The shield pattern is similar to both those of the Solenses Gallicani and the Gratianenses, both under the Magister Militum per Thracias, as well as that of the Britones seniores under the Magister Militum per Illyricum; a wheel image is also invoked more explictly by the pattern of the Secunda Britannica / Secundani, as can be seen below from the following patterns taken from the Paris manuscript:
The name Flavia presumably refers to one of the (second so-named) Flavian-dynasty emperors, starting with the elevation of Constantius Chlorus as Caesar in 293, and ending with the death of Julian in 363. Accordingly, many other units in the Notitia carry the same name; among the various legions, those called Legio II Flavia... include not only the Secunda Flavia gemina, but also the Secunda Flavia Constantia Thebaeorum, under the Magister Militum per Orientem; the Secunda Flavia Virtutis, under the Comes Africae; and the Secunda Flavia Constantiniana, apparently under both the Comes Africae and the Comes Tingitaniae.
The moniker gemina shows the unit was in some way a "twin"; and indeed, the unit immediately preceding the Secunda Flavia gemina in the list of the Magister Militum per Thracias, and with which it was presumably brigaded, is the Prima Flavia gemina. However, earlier legions seem to have been given the moniker when they absorbed a large number of men from other legions (e.g. after disbandments), so in what way(s) the Secunda Flavia gemina and the Prima Flavia gemina were "twinned" can only be speculated at.

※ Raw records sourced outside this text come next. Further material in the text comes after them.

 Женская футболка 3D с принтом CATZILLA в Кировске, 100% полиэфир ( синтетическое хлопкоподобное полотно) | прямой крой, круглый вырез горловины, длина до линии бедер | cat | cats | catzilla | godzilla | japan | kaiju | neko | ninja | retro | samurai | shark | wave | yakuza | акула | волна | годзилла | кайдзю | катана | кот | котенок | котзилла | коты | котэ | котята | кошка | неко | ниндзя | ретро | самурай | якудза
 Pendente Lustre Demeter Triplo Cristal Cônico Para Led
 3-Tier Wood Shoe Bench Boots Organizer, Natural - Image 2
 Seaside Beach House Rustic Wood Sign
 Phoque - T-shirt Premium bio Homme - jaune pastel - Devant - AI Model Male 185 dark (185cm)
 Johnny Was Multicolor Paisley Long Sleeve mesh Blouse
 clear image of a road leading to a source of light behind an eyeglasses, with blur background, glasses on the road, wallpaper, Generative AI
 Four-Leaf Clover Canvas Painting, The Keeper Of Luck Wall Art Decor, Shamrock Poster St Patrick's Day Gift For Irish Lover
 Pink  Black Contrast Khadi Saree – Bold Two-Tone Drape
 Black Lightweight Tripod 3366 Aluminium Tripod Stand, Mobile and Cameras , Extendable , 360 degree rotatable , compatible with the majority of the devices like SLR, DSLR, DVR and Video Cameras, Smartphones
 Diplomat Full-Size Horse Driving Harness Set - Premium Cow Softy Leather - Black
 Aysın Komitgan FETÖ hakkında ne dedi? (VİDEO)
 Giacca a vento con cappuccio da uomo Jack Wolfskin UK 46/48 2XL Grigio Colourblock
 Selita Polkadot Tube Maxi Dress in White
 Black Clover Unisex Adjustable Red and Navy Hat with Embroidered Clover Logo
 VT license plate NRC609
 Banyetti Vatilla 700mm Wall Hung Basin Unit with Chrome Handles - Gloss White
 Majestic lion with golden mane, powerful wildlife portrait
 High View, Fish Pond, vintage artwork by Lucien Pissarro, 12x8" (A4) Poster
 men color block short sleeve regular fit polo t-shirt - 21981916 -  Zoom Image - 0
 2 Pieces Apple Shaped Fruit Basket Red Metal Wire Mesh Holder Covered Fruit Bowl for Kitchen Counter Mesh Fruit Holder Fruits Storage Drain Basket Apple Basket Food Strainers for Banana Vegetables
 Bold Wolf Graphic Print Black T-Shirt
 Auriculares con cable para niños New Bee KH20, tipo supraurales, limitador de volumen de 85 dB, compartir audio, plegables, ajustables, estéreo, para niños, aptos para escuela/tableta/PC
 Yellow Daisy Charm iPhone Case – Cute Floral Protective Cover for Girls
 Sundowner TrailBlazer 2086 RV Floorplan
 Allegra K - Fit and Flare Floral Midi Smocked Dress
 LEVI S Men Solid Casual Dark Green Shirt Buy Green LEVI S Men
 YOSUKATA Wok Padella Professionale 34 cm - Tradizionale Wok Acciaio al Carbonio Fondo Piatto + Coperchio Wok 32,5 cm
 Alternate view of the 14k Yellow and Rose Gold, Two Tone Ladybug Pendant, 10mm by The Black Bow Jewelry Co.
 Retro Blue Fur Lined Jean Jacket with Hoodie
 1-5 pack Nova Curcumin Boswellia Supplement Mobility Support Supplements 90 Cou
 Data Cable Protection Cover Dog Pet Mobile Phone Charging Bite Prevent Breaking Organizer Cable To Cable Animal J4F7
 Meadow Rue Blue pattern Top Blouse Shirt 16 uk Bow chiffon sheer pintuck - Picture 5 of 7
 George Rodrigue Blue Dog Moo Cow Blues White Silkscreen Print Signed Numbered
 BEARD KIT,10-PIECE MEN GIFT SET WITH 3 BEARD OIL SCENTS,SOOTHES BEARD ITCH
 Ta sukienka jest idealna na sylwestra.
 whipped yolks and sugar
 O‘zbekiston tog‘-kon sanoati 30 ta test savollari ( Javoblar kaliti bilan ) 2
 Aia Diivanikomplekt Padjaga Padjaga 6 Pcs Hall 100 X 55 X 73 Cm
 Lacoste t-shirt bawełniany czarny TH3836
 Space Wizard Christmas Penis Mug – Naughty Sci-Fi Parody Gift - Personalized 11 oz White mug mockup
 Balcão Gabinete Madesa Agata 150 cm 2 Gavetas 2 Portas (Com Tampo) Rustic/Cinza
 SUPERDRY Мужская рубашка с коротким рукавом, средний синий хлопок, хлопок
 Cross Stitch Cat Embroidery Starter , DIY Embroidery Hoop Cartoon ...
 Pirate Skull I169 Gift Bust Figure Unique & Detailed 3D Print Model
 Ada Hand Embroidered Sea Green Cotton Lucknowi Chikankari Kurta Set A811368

The similarity of the shield pattern of the Secunda Flavia gemina with that of the Britones seniores on one hand, and that of the Solenses Gallicani on the other, is intriguing. Given the clearly "British" Secundani Britannica and the Britones seniores both feature wheel-like shield patterns, it is tempting look for British connections in the other units. If the Solenses Gallicani represents an offshoot of the Solenses seniores, and that the Solenses seniores is an ex-British unit, then it might not be surprising that the Solenses Gallicani also carries a "British" themed pattern. Secunda Flavia gemina might speculatively be connected with a British theme through having been (re)constituted from a British unit (or units) - perhaps Legio XX Valeria Victrix, if it was not involved with the formation of the Solenses seniores. Perhaps it was another detachment of Legio II Augusta, but which had been reinforced with men from the Twentieth. Nonetheless, these similarities could be accounted for in other ways, or even be just coincidental.